Have you found tactility, imagination, the vestibular system and other perceptions to be indispensable for an empathetic understanding of physics?

Do you believe that the study of these mechanics heightens one's perceptions?

My personal thoughts are the only difference between a scientist and a non-scientist if you get rid of all of the debate about intelligence and all that, is that a scientist just pays more attention to that specific thing than someone else.

But to me this isn't just unique to scientists: it pretty much can be applied to everyone. People that decide to stick to something, pay a lot of attention, and actively think about something in conjunction with some kind of experimentation of some sort (I'm not talking about the kind of controlled experiments, but just any experiment) will get a kind of understanding on that particular field in the same way that an experimental physicist will get when he devotes most of his life to doing (or supervising) experiments, looking at the results, reading papers, communicating with other scientists and so on.

They pay attention while the rest of us don't.

With regards to imagination, I would say the same kind of thing. Let me explain.

If you are put in situations where you are forced to think, forced to be creative, and as a consequence forced to use your imagination, then like a muscle it will be exercised and strengthened.

I agree that people do have so called 'pre-dispositions' to things, but work translates into results time and time again. The people that want to do something, often will do something.
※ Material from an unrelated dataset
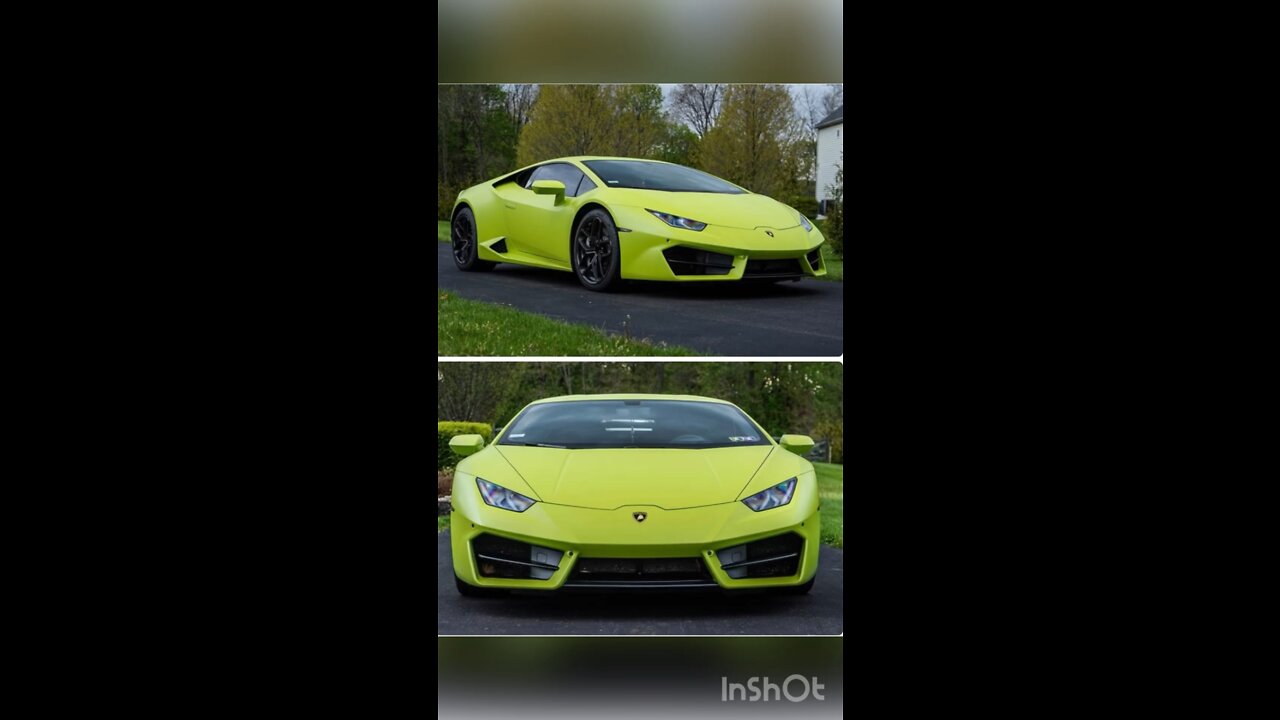 Car video by playrock125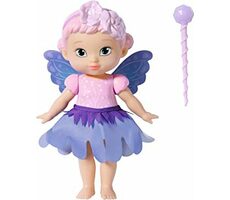 ZAPF Creation Baby Born Storybook Fairy Violet 18 cm / od 3 let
It doesn't matter who it is, what kind of work they do, chances are if they have done it for a while, pay a lot of attention, think about things a bit, and are forced from time to time to confront challenges which they end up being successful in, those people will probably end up with an insight that no other human would have if they were not doing any of these things.

In saying this, I think that the potential of the role of imagination is greatly underestimated: if people choose to think about things actively in an intense manner, then it really is amazing how this exercise is able to help one understand things that they are not really familiar with and haven't paid to attention to otherwise. It's really an amazing thing what imagination can do: we all hear about the story of Einstein but the truth is that quite a lot of people in all areas and walks of life have made amazing discoveries that are born from the premise of just imagining something and then following it through with mental clarification and the physical work required to bring it to fruition.
 
  • #4
chiro said:
My personal thoughts ... bring it to fruition.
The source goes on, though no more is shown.